"Per
favore, cerchiamo di essere rispettosi… Un abbraccio forte a tutti,
è stata un’esperienza fenomenale, strana, che non avevo mai
sentito in vita mia. A presto, perché la vita non finisce qui”,
Andrés
Escobar, El Tiempo (editoriale
scritto il 29 giugno e pubblicato il 3 luglio 1994, un giorno dopo la
sua morte)
L'autogol di Escobar nella partita contro gli USA |
Los Angeles (Pasadena), Rose Bowl stadium, 22 giugno 1994. Si gioca Colombia – USA davanti a più di novantatremila spettatori sugli spalti. In palio c'è l'accesso agli ottavi di finale dei Mondiali. E' il 35' del primo tempo: il centrocampista statunitense John Harkes, si libera sulla fascia sinistra e improvvisa un cross basso nel cuore dell’area colombiana.

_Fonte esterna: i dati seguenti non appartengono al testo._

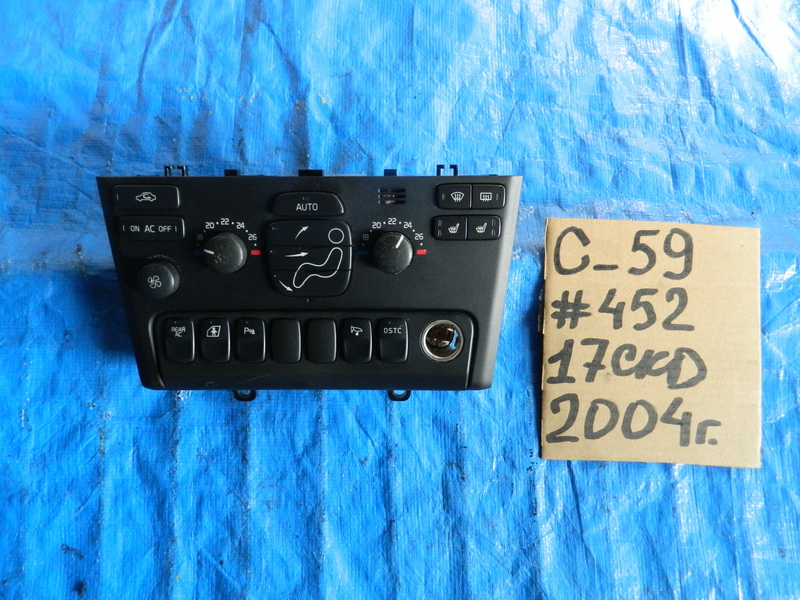 Блок управления климат-контролем Volvo XC90 C_59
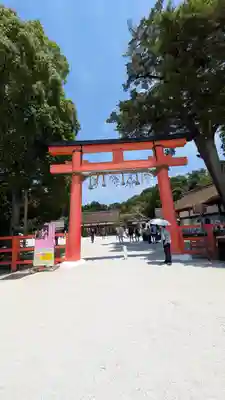 賀茂別雷神社（上賀茂神社）(京都府)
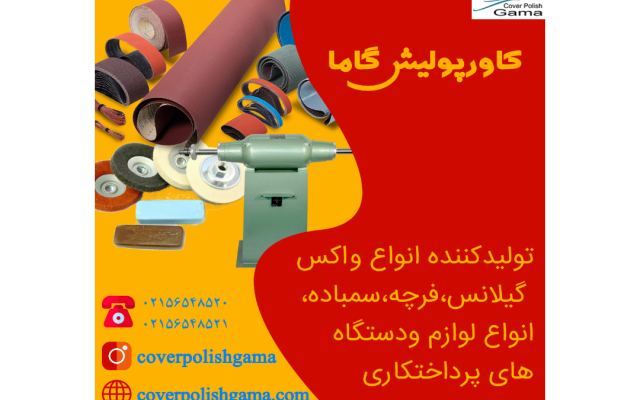 پوستر،بنر،پست های اینستاگرامی و طلگرامی و طرح های سفارشی شما طراحی کنم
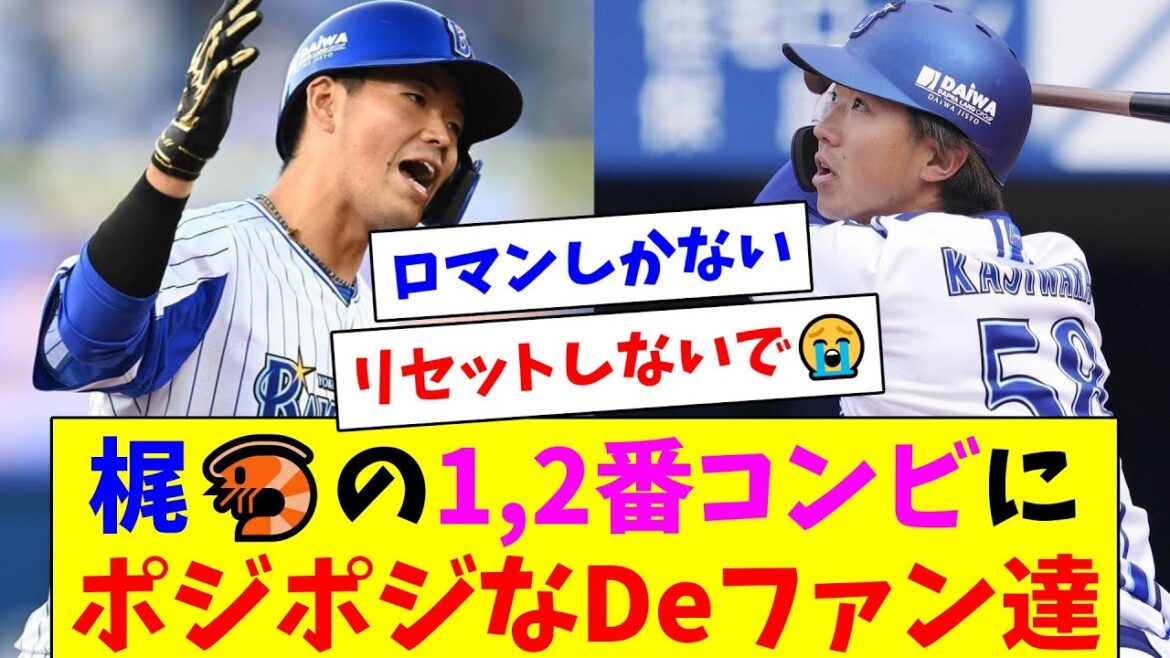 DeNA梶原蝦名の理想的な1,2番にポジりながらも消えないか怯えるDeファン達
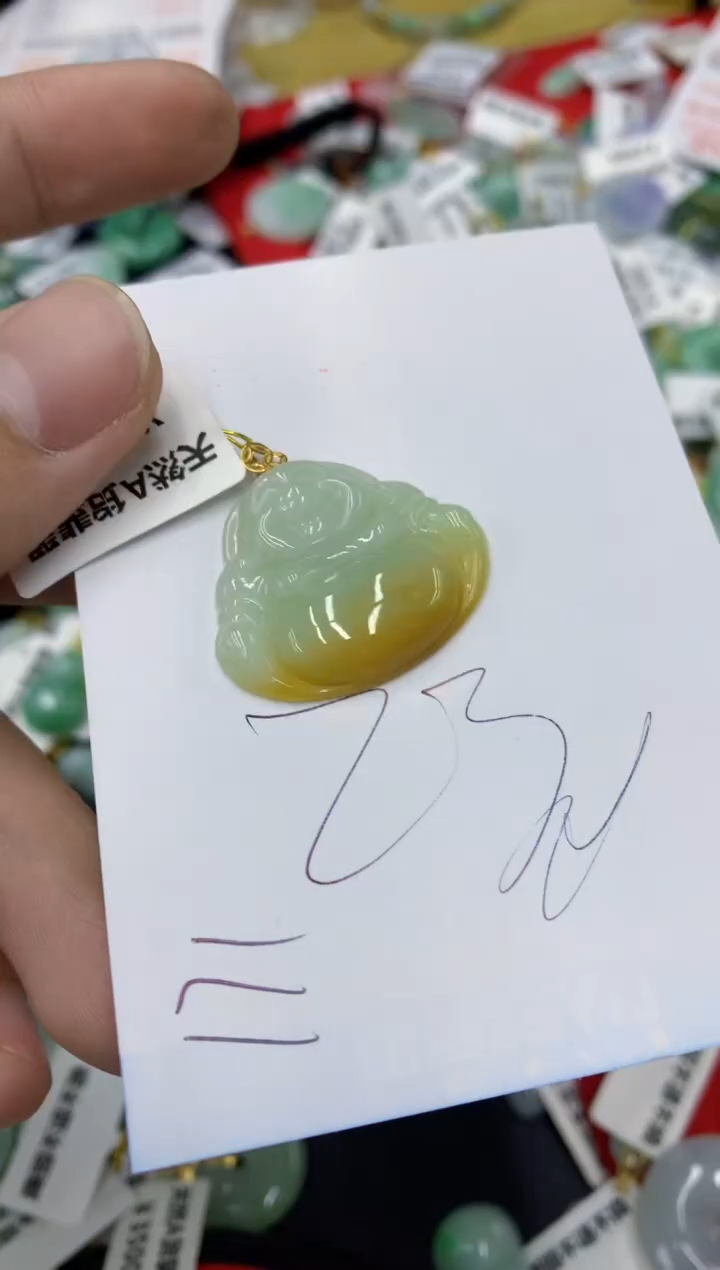 【闪购商品】翡翠颈饰18K金镶嵌号链接1111111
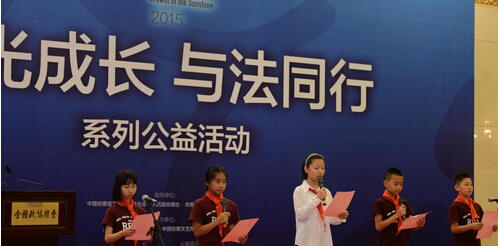 青少年代表在京发起“阳光成长 与法同行”倡议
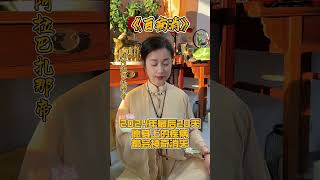 Download Lagu Om Mantra Meditation: Om Tare Tuttare Ture Soha #ommantrameditation #greentara #Shorts MP3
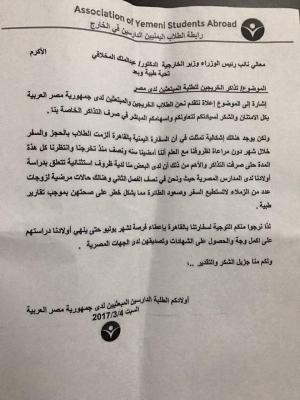 اكدوا الزام السفارة لهم الحجز والسفر:  الطلاب المبتعثين الى مصر يناشدون وزير الخارجية التدخل مراعاةً لظروفهم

La difesa dei "Los Cafeteros (soprannome dei calciatori colombiani) – letteralmente chi fa o beve il caffé" è leggermente sbilanciata, il pallone arriva al centro dell'area dove il difensore Andrés Escobar, impaurito dal possibile arrivo di un attaccante statunitense alle sue spalle, entra in scivolata e, sfortunatamente, devia il pallone nella propria porta, per il più clamoroso e sfortunato degli autogol. 1-0 per gli USA. Lo stadio esplode di gioia, la Colombia intera ammutolisce. Escobar rimane a lungo steso a terra, impietrito. In quel momento una partita di calcio si trasforma in un dramma. Il primo a capirlo è un bimbo, Felipe, il figlio della sorella di Escobar, che dalle gradinate dello stadio dove l'Italia perderà in finale col Brasile, confida alla mamma: "Mami, a Andrés lo ammazzeranno". "Il calcio non è come la Corrida. Qui nessuno muore", fu la risposta esaustiva di mamma Maria Ester. La partita finirà con la vittoria degli statunitensi per due a uno. Ad evitare alla Colombia l'eliminazione dai Mondiali non servirà il risultato della terza e ultima partita poi vinta contro la Svizzera.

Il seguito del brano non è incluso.